Dataset section:
###
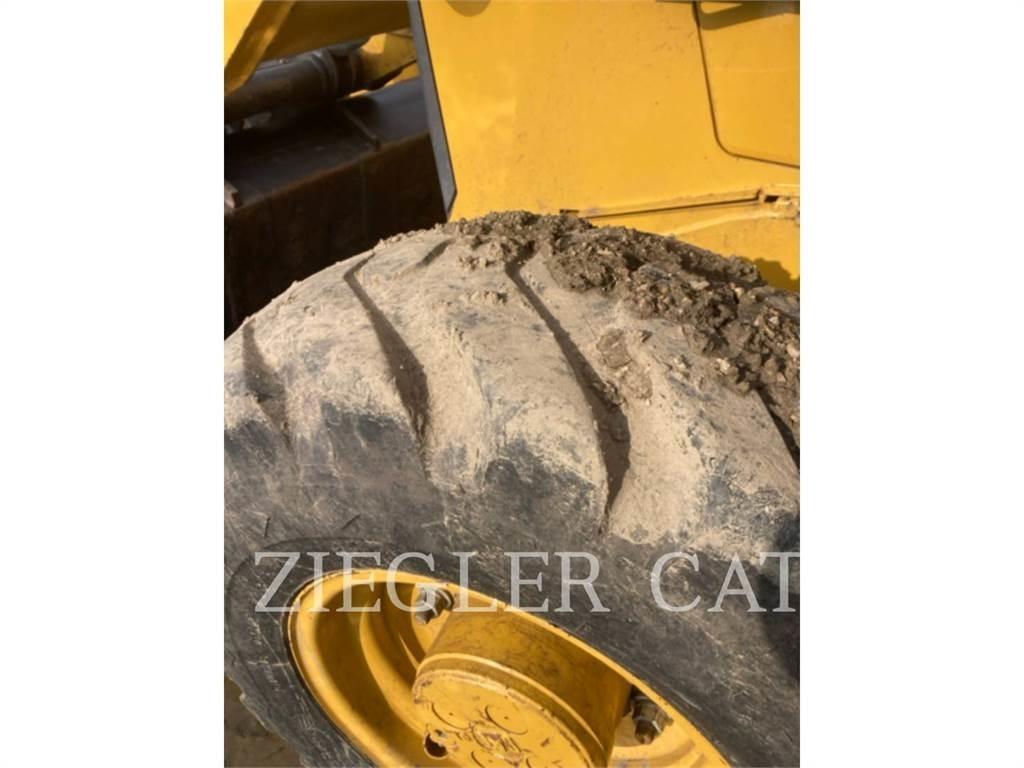 CAT 420F2 Buldoexcavatoare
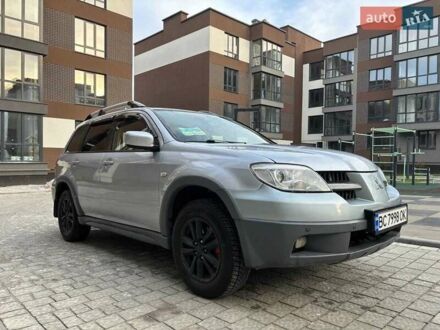 Мицубиси Аутлендер 2006 в Львове на Automoto.ua Серый Мицубиси Аутлендер, объемом двигателя 2 л и пробегом 342 тыс. км за 6000 $, фото 1 на Automoto.ua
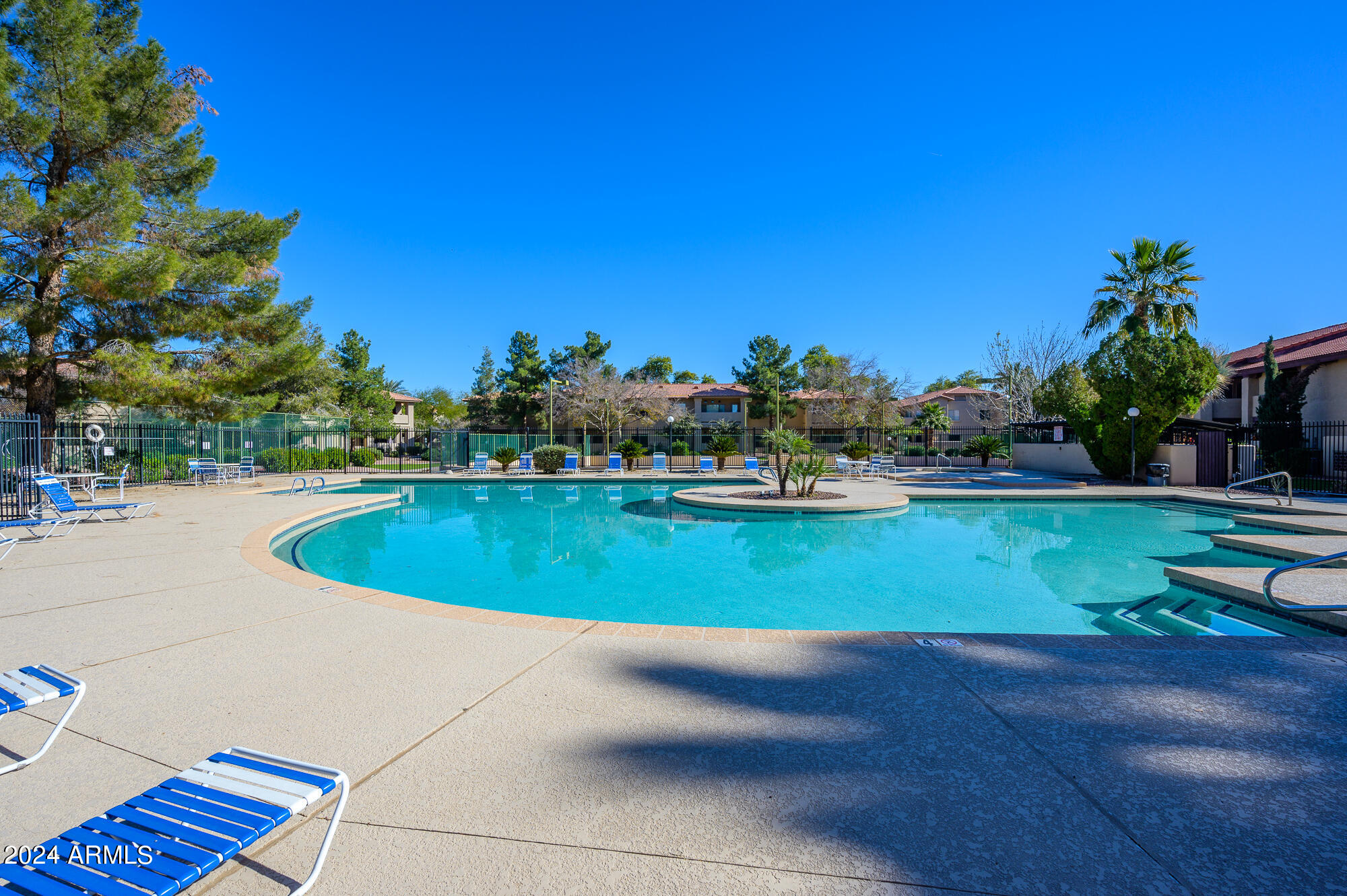 1351 N PLEASANT Drive Unit: 1173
###
Instructions to follow:
With the pictures left out, write out all of the data exactly.

Solution to this task:
 CAT 420F2 Buldoexcavatoare
 Мицубиси Аутлендер 2006 в Львове на Automoto.ua Серый Мицубиси Аутлендер, объемом двигателя 2 л и пробегом 342 тыс. км за 6000 $, фото 1 на Automoto.ua
 1351 N PLEASANT Drive Unit: 1173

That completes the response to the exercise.